Throughout the reconstruction process, information can be lost due to the DC spectrum estimation strategy (2), the apodization (4) which eliminates high-frequency signal parts and the selection of the absolute signal value (6) as the final image. Figure 2 shows an excerpt of the collected data, both in raw (left) and reconstructed form (right).

The raw OCT signal has a size of \(1024 \times N_t\) where \(N_t\) is the number of scans acquired over time. Reconstruction up to step (5) results in a complex signal which is also of size \(1024 \times N_t\). Finally, by taking the absolute signal value, the A-Scan image sequence of size \(512 \times N_t\) is obtained. This can be interpreted as a sequence of 1D depth images over time.

Deep learning architectures

We compare prediction performance for needle tip forces from both raw and reconstructed OCT data with different convolutional neural network (CNN) architectures. The considered architectures are variants of the ResNet [4], which is an extension of CNNs that enables better training through improved gradient flow. The ResNet models were originally built for 2D images with 2D convolutions. Here, the A-Scan data represent 1D images. Therefore, we adapt the architectures by replacing 2D convolutions by 1D convolutions. Furthermore, we replace the network’s original output layer for multi-class classification with a fully connected layer with one output for needle force regression. We consider several ResNet variants, resembling different network sizes, the regular ResNet34 and ResNet18 architecture as well as a smaller architecture with 2 residual blocks and 6 convolutional layers, which we name ResNet6. All deep learning models are implemented in PyTorch [11]. Learning is performed over 150 epochs with a batch size of \(N_B = 128\) and a learning rate of 0.005 using the Adam optimizer. As a loss function, we use the mean squared error which is defined as

$$\begin{aligned} MSE = \frac{1}{N_B}\sum _{j=1}^{N_B}(y^{j}-{\hat{y}}^{j})^2 \end{aligned}$$

where y is the ground-truth force and \({\hat{y}}\) is the predicted force value. We use \(20\%\) of the data as a hold-out validation set. We performed five training runs with different random seeds and averaged the individual results.


We report the mean absolute error (MAE) in mN between force predictions and force targets on the validation set. Additionally, we report inference times for the examined neural network architectures. All results are shown in Table 1. Figure 3 shows the relative differences in errors graphically. For most combinations of needle and model architecture, the error for learning on raw OCT data is lower compared with learning from reconstructed OCT scans. Particularly for the ResNet34 architecture, the calibration performance improves for all needles.

Discussion and conclusion

In this paper, we address the calibration problem of OCT-based needle tip force estimation using new and improved sensor concept with a piston and a guiding sleeve. In contrast to a previous OCT-based concept [2], the needle is not as sensitive to lateral forces by design while achieving similar calibration results with intensity data.

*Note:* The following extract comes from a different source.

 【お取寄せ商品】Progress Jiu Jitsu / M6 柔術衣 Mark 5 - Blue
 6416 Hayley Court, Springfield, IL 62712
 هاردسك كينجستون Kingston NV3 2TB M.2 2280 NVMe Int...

Furthermore, we study an approach for improving deep learning-based calibration performance even further. During OCT acquisition, a spectral signal is obtained which is typically reconstructed to an intensity depth image. We illustrate that learning is possible in an end-to-end fashion, i.e., the process of image reconstruction can be avoided. Moreover, the results improve in six out of nine setups, indicating that there may be information lost in the original processing that can be used when training the network on the raw signal. The proposed approach allows for precise estimation of forces at the needle tip, which is particularly interesting for force-based robotic needle placement. With typical robot control cycles of \(1 \, \hbox {ms}\), a trade-off between accuracy and inference time must be balanced.

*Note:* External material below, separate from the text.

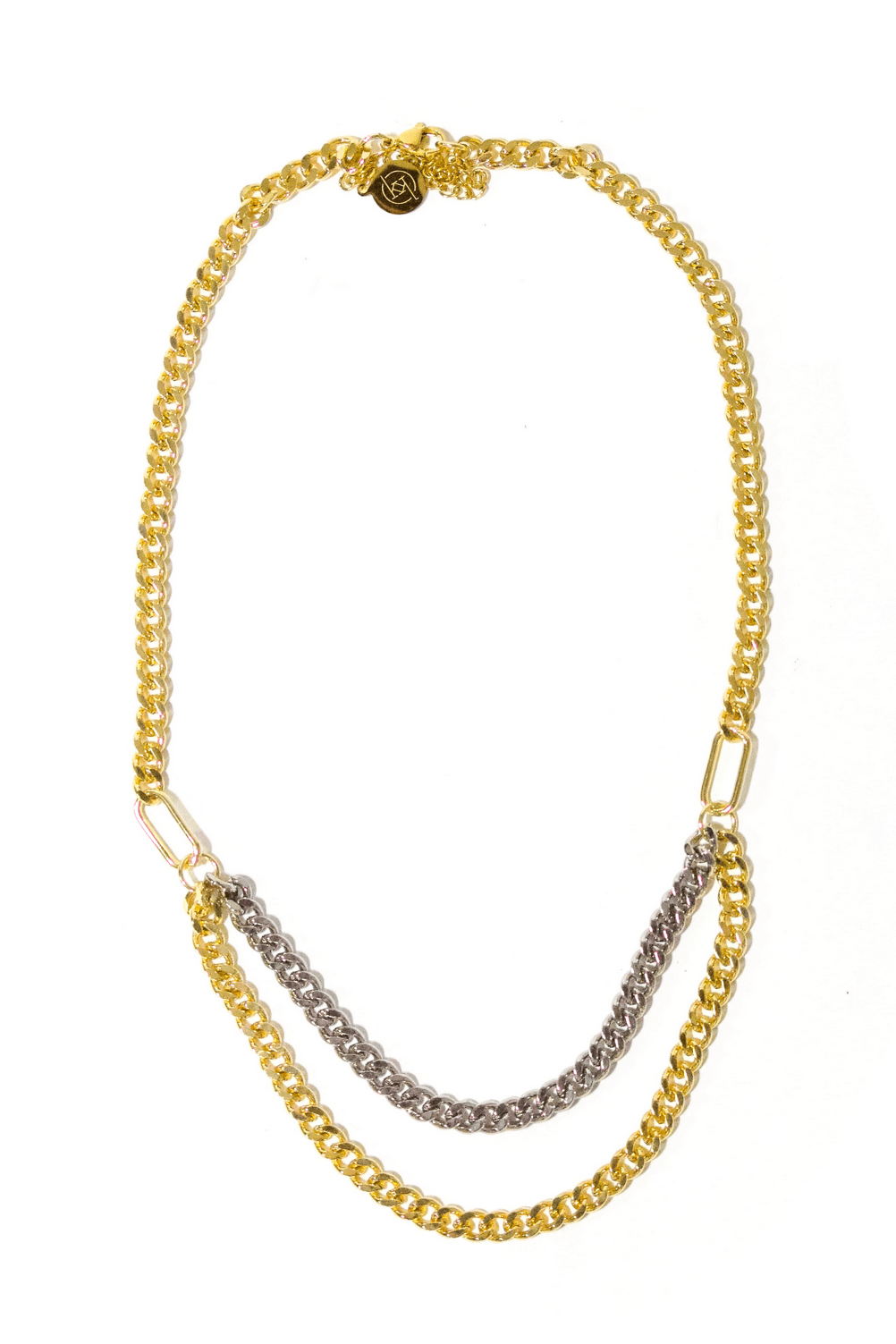 Wyatt Necklace | KRISTALIZE - MainStreet Clothing Co.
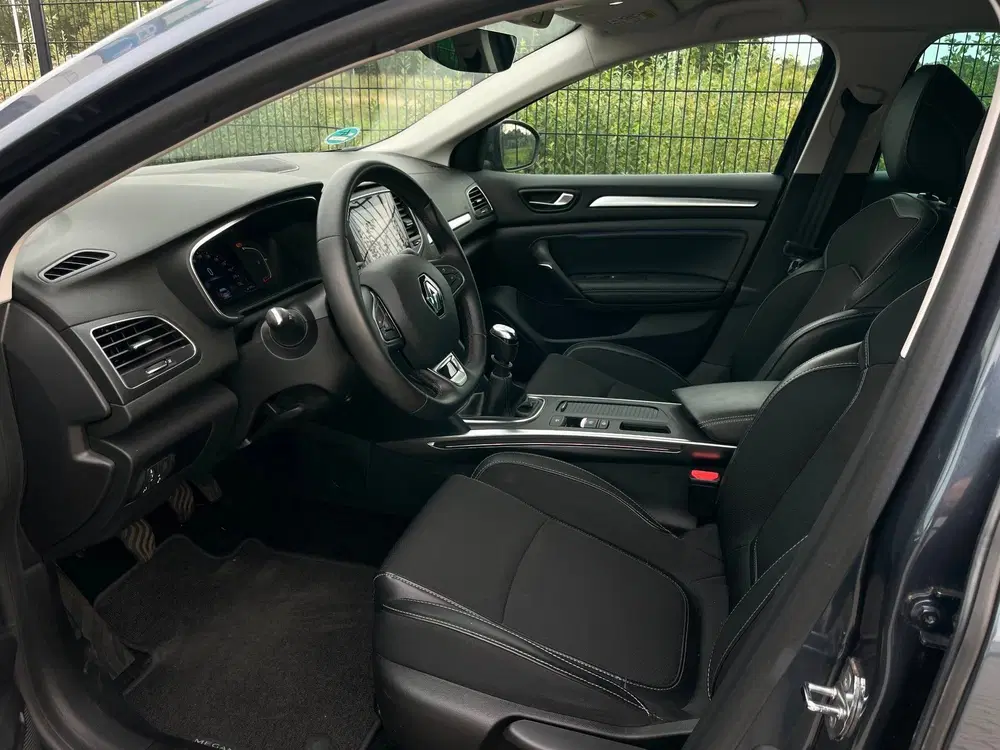 Renault Megane Mégane Estate 1.3 TCe 140 Techno uit 2023, foto 11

We find that learning forces from raw OCT data instead of reconstructed images work well, in particular, for larger deep learning models. For future work, our approach could be studied in more detail with additional deep learning methods and in different applications scenarios. Also, our approach could be extended to other applications where an imaging modality is used as a sensor signal, for example, in the context of motion tracking with OCT or ultrasound.